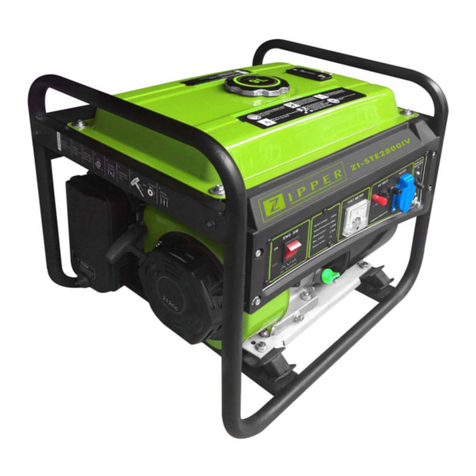 Zipper Mowers ZI-STE2800IV user manual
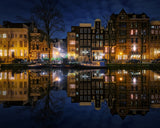 New Amsterdam 3 Poster och Canvastavla
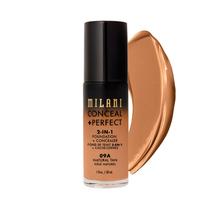 Base Milani Conceal + Perfect 2 En 1 09A Natural Tan 30ML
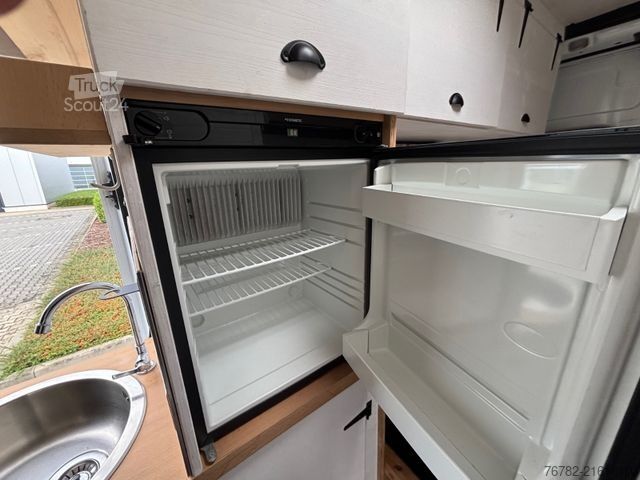 Campervan FORD Transit 2,2 TDI 114kW Wohnmobil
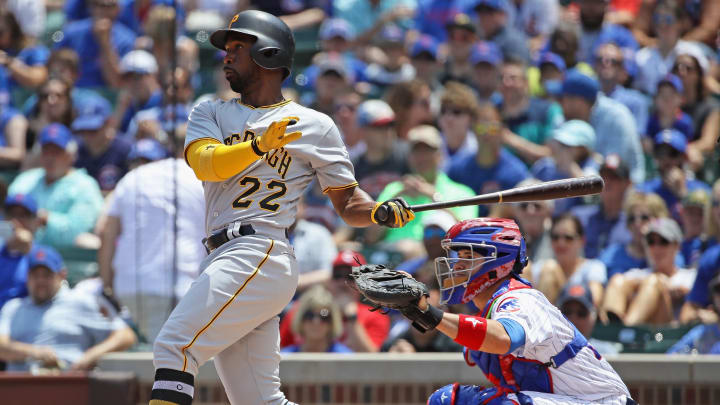 Pittsburgh Pirates: C-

━━━━━━━━━━━━━━━━━━━━

▸ To do:
For this exercise, please reproduce the records above exactly and drop the images.

▸ The answer:
 Zipper Mowers ZI-STE2800IV user manual
 New Amsterdam 3 Poster och Canvastavla
 Base Milani Conceal + Perfect 2 En 1 09A Natural Tan 30ML
 Campervan FORD Transit 2,2 TDI 114kW Wohnmobil
 Pittsburgh Pirates: C-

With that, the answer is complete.